Typewriters were meant for their current place: rarely-used curiosities.
posted by DU at 9:07 AM on June 1, 2010


Can we also talk about the horrible monstrosities that developed just before computers were really "ready to go" - the typewriters with bastardized word processing "software" shoe-horned into a tiny 3-line screen? When trying to type some simple information into a simple form became a user-experience nightmare. I had to use one of those things briefly and could not believe that people actually used those things day in and day out.
posted by amethysts at 9:18 AM on June 1, 2010


In watching Murder, She Wrote, I was reminded about how recently typewriters were the primary typing instrument, and I was both surprised and happy. I, like DU, am happy that letter and book writing is so easily editable, re-arrangeable and correctable, and instant spell-checking only makes writing that much easier with computers.

On the other hand, I would be forced to really think about everything I wrote. I'm constantly doubting my wording, tweaking this or that because I like the way things flow. But when I'm on a roll, I my fingers will fly, and I have no concern about minor typos or jammed keys.

Still, they're beautiful machines. I have one somewhere, and a few typewriter desks where it will eventually sit, once we have more space to display rarely used tools. For those who long for the experience of typewriting by way of the sounds, I wonder if you could add metal taps to the Model M to make the heavy plastic sound just a bit more substantial.

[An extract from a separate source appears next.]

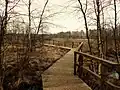 Holzweg im Dosenmoor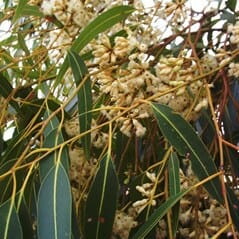 Eucalyptus 'Dwarf Sugar Gum' is known for its green eucalyptus leaves and clusters of small, creamy white flowers on slender branches.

Some programs play a "Ding" at the end of lines, and there was that "super-cool state-of-the-art typewriter sound effect" in ICQ, which was one of the first things I disabled, but if you liked that sort of thing, here are some typewriter SFX.
posted by filthy light thief at 9:28 AM on June 1, 2010


wow! who knew that they still make brother electronic daisywheel 'word processors'?
posted by msconduct at 9:30 AM on June 1, 2010


Awww, yes. The good old days; I remember them well. Oh, how I miss them.

Clack, clack, clack... damn, jammed keys. No problem, spin the wheel and and just paint on some white-out. Get the wheel lined up just, just right and we're rolling along again. (I don't remember a time before that great invention.) More than three spots on an important letter though, and you start over. There's more flour in a twenty page college essay than in a muffin, but it looks better than lots of blue pencil, right?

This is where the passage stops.